1

In VIM when I type a left bracket a matching right bracket is automatically added, which is fine. But if I have a line like the following:

thisVar = count(blue*(red+green)  -  orange + (1*3);

and I want to add a right bracket after (red+green) I have trouble. If I type a right-bracket VIM skips me ahead to the next right-bracket on the line. The only way I can add the right bracket seems to be to add a carriage return to split the statement over two lines, add the bracket, and then put it back:

  thisVar = count(blue*(red+green))
  -  orange + (1*3);

then

  thisVar = count(blue*(red+green))  -  orange + (1*3);

What configuration setting needs to change to stop VIM from jumping ahead to the next right bracket?

2
  • This is behavior from a plugin.

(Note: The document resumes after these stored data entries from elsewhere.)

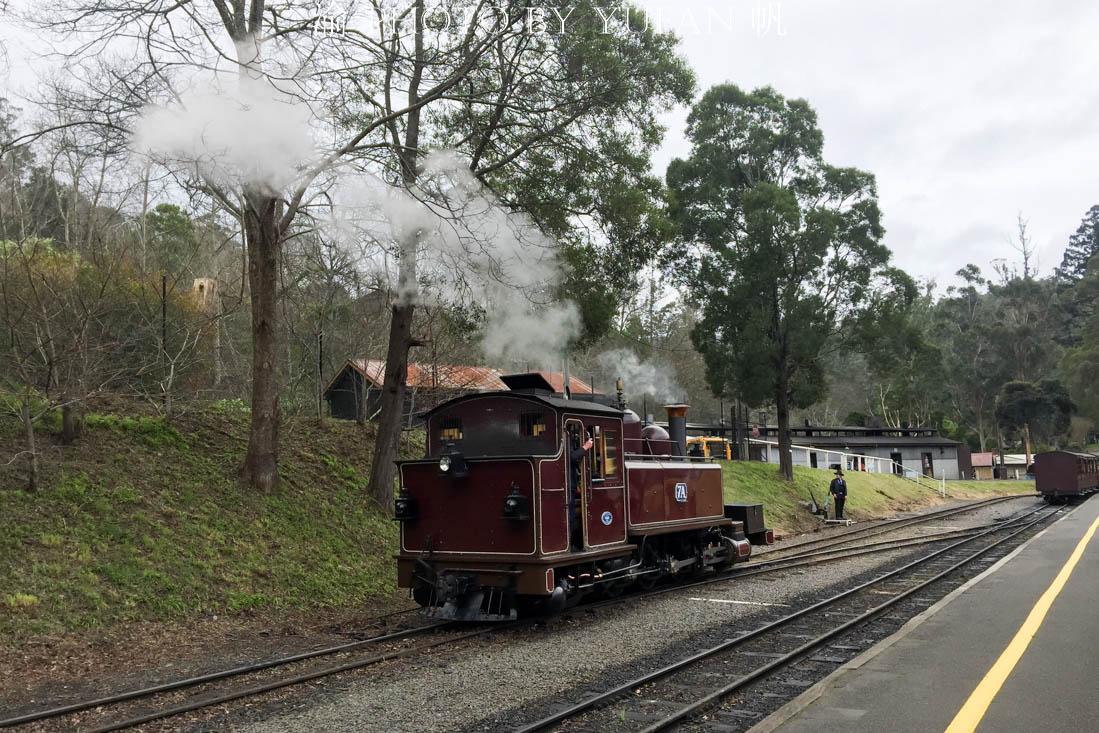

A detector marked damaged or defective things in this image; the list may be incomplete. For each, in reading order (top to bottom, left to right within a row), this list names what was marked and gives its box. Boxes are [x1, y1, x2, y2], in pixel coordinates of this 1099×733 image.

rusty roof [329, 360, 602, 395]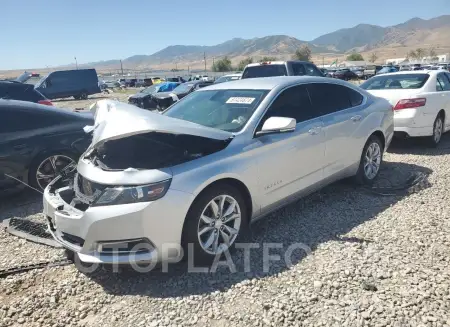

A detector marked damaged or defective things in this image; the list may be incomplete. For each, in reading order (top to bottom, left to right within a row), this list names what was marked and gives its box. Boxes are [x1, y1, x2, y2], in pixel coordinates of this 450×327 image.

crumpled front hood [85, 98, 232, 147]
broken headlight [93, 179, 172, 208]
damaged silver sedan [43, 77, 394, 266]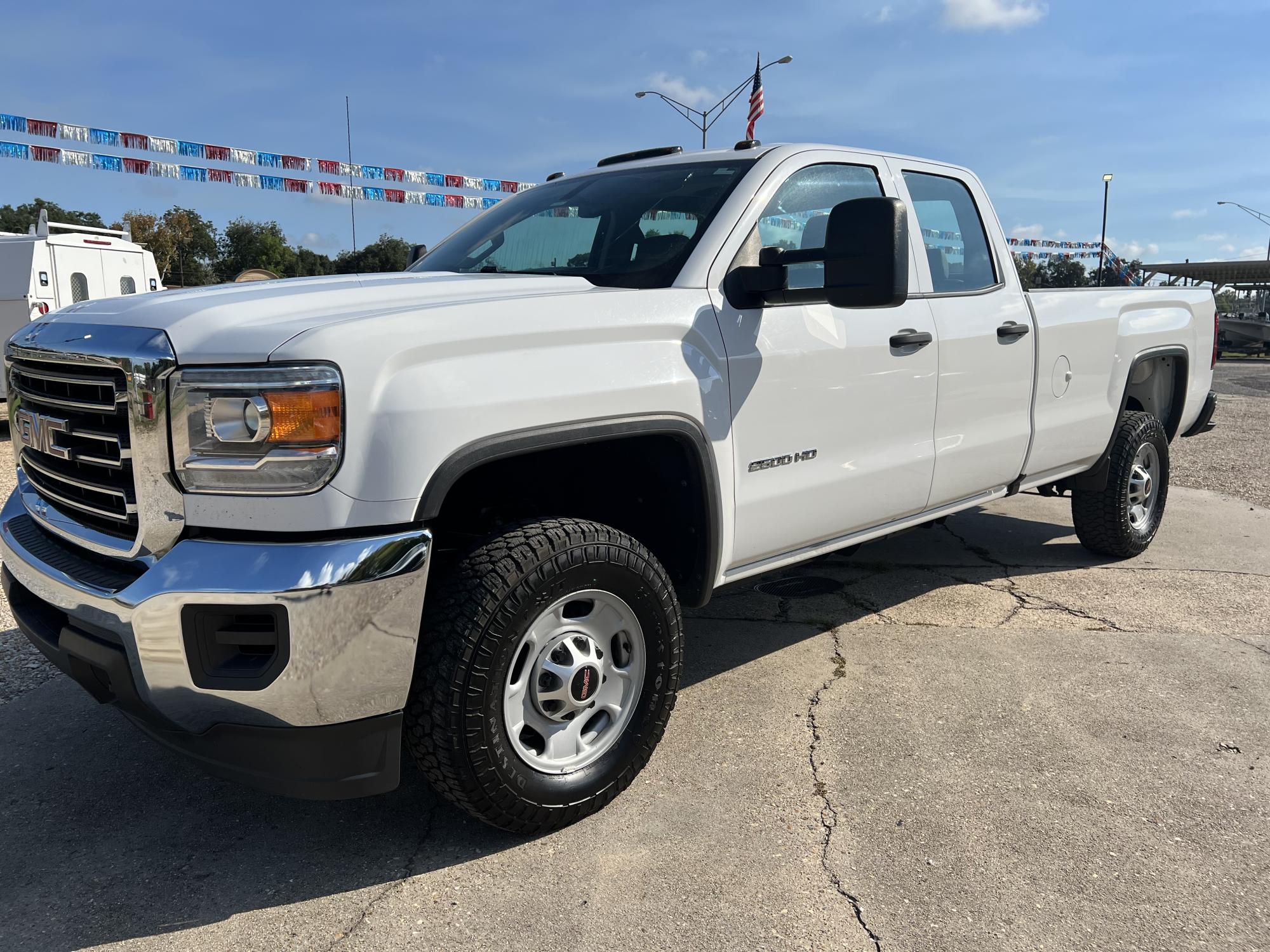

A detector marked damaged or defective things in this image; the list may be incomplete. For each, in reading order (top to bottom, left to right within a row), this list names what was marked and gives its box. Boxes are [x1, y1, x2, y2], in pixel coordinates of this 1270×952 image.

crack in pavement [325, 802, 439, 949]
crack in pavement [803, 630, 884, 949]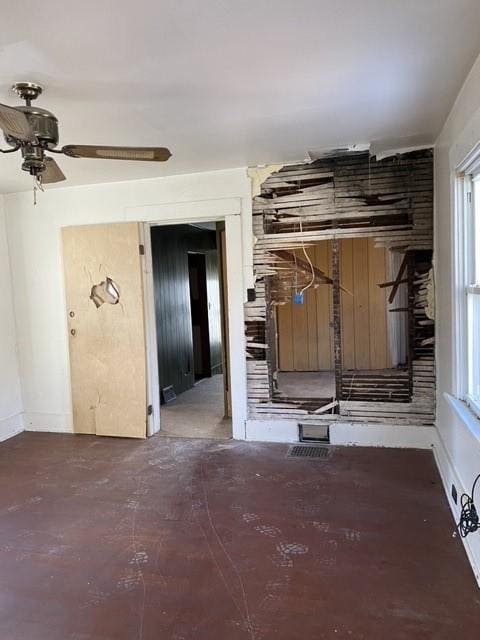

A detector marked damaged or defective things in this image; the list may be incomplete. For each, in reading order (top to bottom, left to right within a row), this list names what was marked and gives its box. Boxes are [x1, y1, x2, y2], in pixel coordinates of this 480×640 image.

damaged plaster wall [0, 196, 23, 440]
damaged plaster wall [4, 168, 251, 432]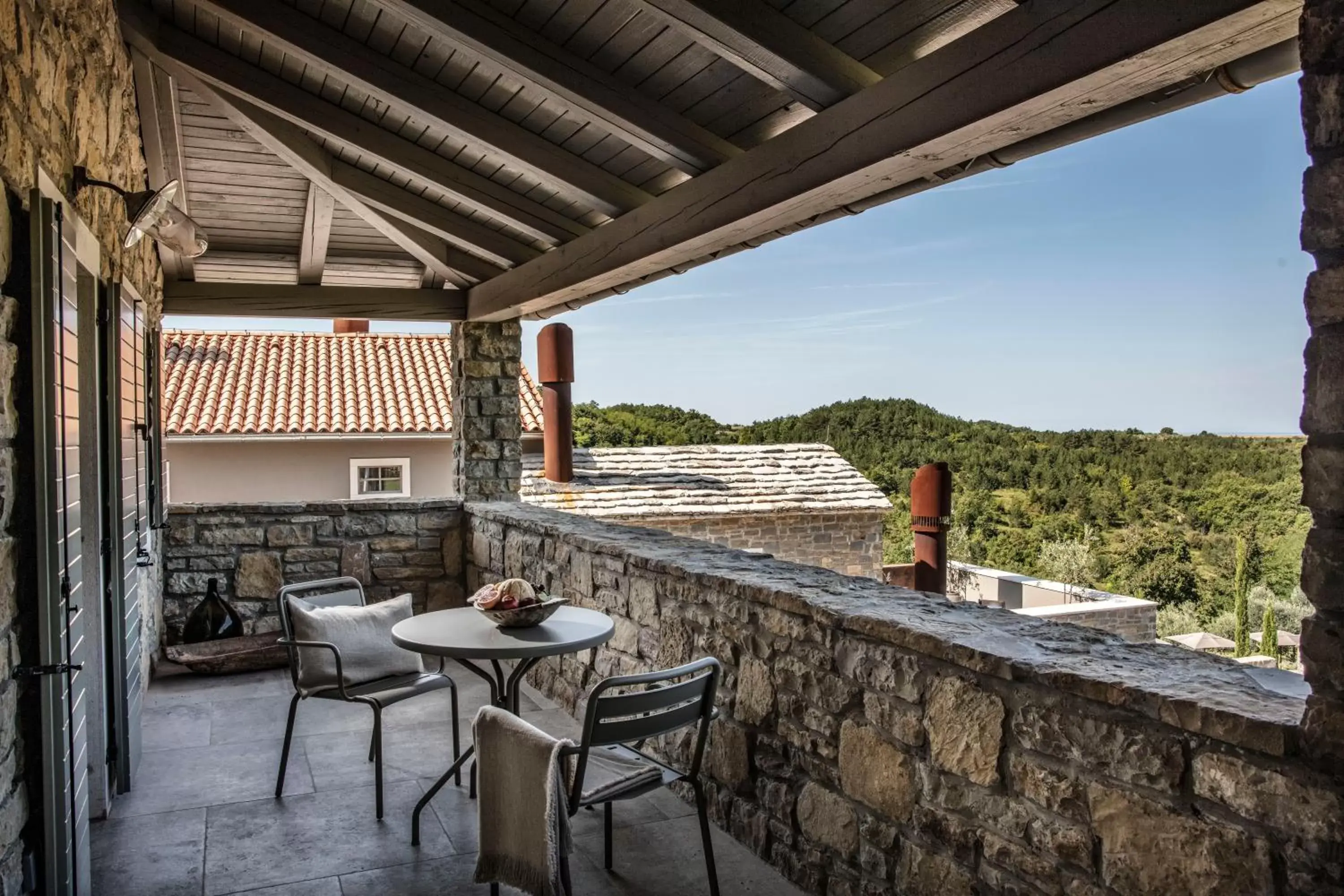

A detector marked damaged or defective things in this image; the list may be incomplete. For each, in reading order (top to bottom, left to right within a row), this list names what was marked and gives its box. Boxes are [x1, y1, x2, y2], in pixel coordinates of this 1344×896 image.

rusty metal chimney pipe [538, 326, 575, 483]
rusty metal chimney pipe [909, 462, 952, 596]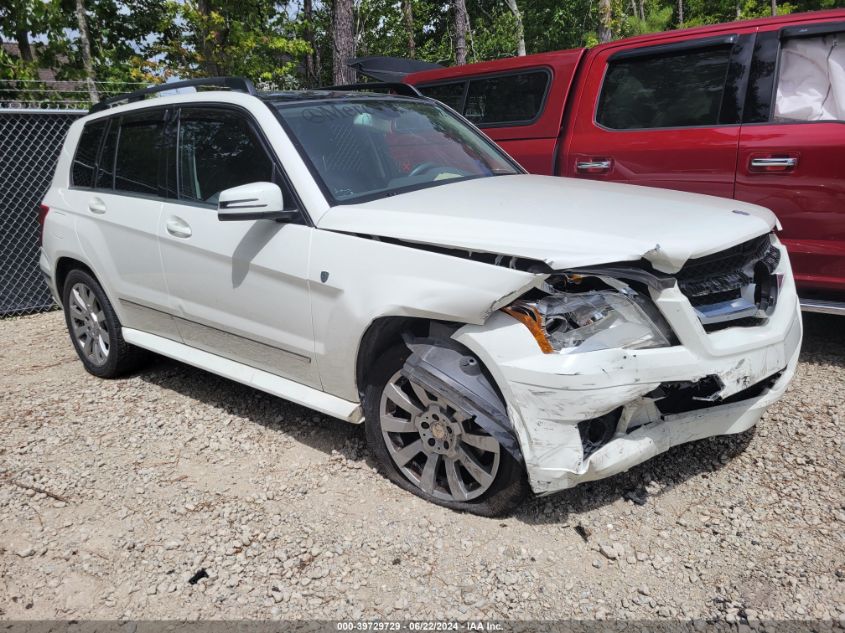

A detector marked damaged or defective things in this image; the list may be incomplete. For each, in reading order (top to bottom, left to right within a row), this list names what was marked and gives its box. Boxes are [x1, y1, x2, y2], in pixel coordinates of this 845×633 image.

crumpled hood [316, 174, 780, 272]
broken headlight [502, 288, 672, 354]
damaged front fascia [400, 336, 520, 464]
front-end collision damage [400, 338, 524, 462]
crushed bumper [454, 274, 804, 496]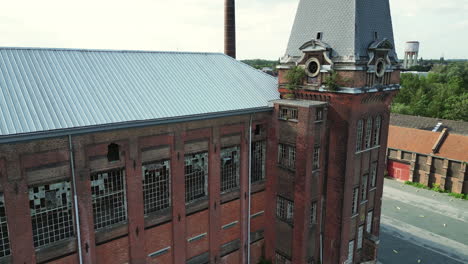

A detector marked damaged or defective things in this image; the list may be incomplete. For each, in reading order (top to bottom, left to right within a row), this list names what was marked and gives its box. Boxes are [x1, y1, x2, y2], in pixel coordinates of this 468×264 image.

broken window [29, 182, 73, 248]
broken window [90, 169, 127, 229]
broken window [144, 161, 173, 214]
broken window [184, 153, 207, 204]
broken window [220, 146, 239, 192]
broken window [250, 141, 266, 183]
broken window [274, 197, 292, 224]
broken window [278, 143, 296, 170]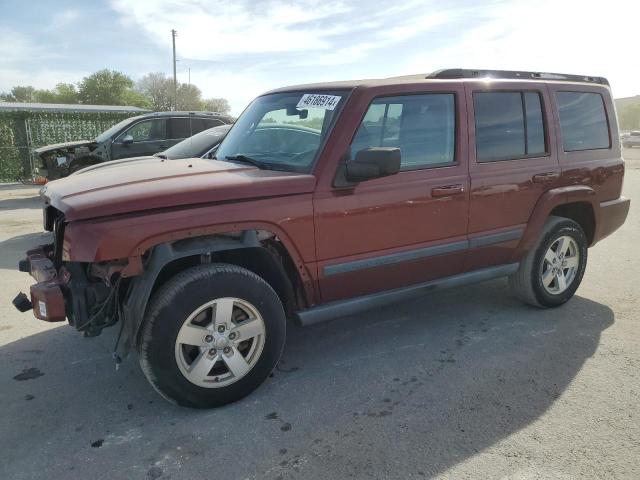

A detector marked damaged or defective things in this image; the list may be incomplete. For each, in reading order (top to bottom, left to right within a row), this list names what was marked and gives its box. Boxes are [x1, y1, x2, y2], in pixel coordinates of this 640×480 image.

damaged front end [12, 207, 122, 338]
cracked asphalt [3, 151, 640, 480]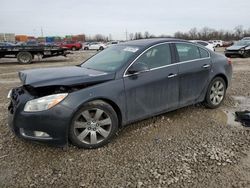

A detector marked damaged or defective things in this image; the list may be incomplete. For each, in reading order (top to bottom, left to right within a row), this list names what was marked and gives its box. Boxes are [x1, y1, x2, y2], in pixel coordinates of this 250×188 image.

damaged front bumper [7, 86, 74, 147]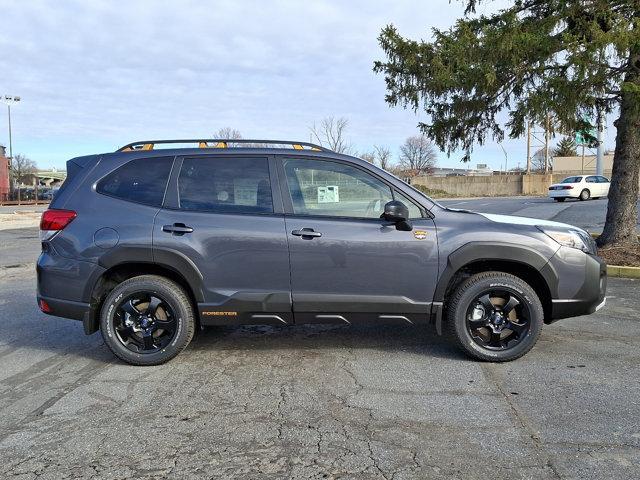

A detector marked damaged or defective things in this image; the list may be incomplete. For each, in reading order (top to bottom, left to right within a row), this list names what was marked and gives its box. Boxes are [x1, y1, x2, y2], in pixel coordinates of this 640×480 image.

cracked asphalt [0, 201, 636, 478]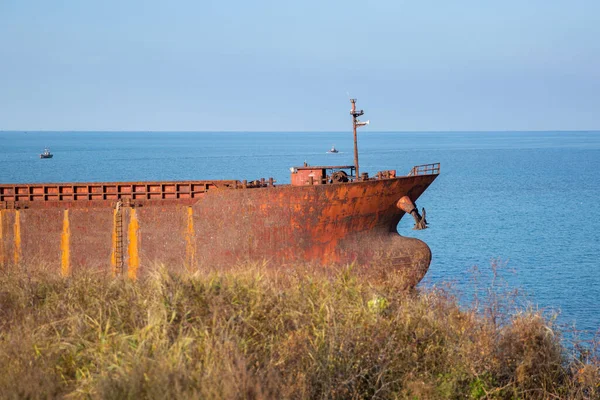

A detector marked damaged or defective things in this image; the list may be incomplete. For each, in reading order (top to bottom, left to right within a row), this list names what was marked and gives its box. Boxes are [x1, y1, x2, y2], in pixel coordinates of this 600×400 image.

abandoned rusty ship [0, 101, 440, 286]
corroded hull [2, 173, 438, 286]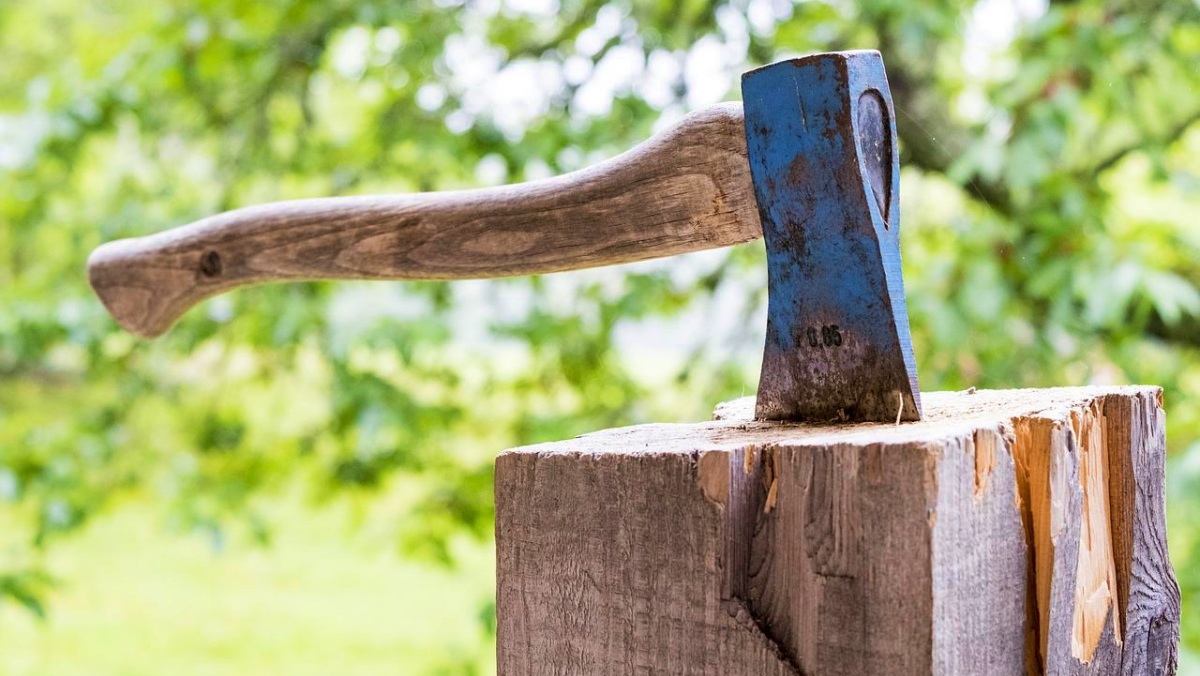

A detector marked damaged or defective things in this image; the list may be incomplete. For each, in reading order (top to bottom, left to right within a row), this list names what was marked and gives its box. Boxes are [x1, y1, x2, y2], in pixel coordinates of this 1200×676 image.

If you don't remember that, how are you gonna keep it up-to-date?! (Maybe what you see is a bug that was already fixed in a later version.) Jan 11, 2013 at 0:42
  • It's almost certainly a plugin, though which one I'm not sure. I guess I'll have to disable them individually to figure it out.
    – Hibiscus
    Jan 11, 2013 at 22:47

2 Answers 2

4

Vim does not behave that way by itself. You must be using some plugin that does that. Executing the following command should show you which plugin has mapped the (.

:verbose imap (

The documentation for that plugin may tell you how to control that behavior, or you can disable the use of that plugin altogether. Where you find the documentation and how you control it depends on the plugin. You may find documentation by executing

:help <plugin name>

or by simply opening the plugin file, where the file name was given by the :verbose command above.

6
  • That's useful to know, but didn't help. In this case the bracket matching happens when in insert mode so the bracket isn't actually mapped to anything from what I can tell.
    – Hibiscus
    Jan 11, 2013 at 22:47
  • You wrote that when you type a left bracket (actually a parenthesis), a matching right bracket is automatically added. Vim does not have a mechanism built in to do that. The only way that that can happen is if that functionality is added, usually by a plugin. The only way that a plugin can replace the normal behavior of typing some key with its own behavior is to map that key to some other key sequence. (Abbreviations are used in some cases, but that doesn't appear to be the case here.) So that left "bracket" is mapped to something--we just need to figure out what.
    – garyjohn
    Jan 11, 2013 at 23:48
  • Vim does have a behavior where it will momentarily move the cursor to a left parenthesis when you type the matching right parenthesis, but that doesn't affect the inserted text and doesn't appear to be the behavior you're describing.
    – garyjohn
    Jan 11, 2013 at 23:50
  • This did turn out to be a plugin issue. The HTML Auto Close Tag plugin was causing it.
    – Hibiscus
    Jan 12, 2013 at 1:51
  • Very good! How did you determine that was it?
    – garyjohn
    Jan 12, 2013 at 2:03
0

To added the right bracket at any position you want it to be, switch to insert mode first, by pressing i.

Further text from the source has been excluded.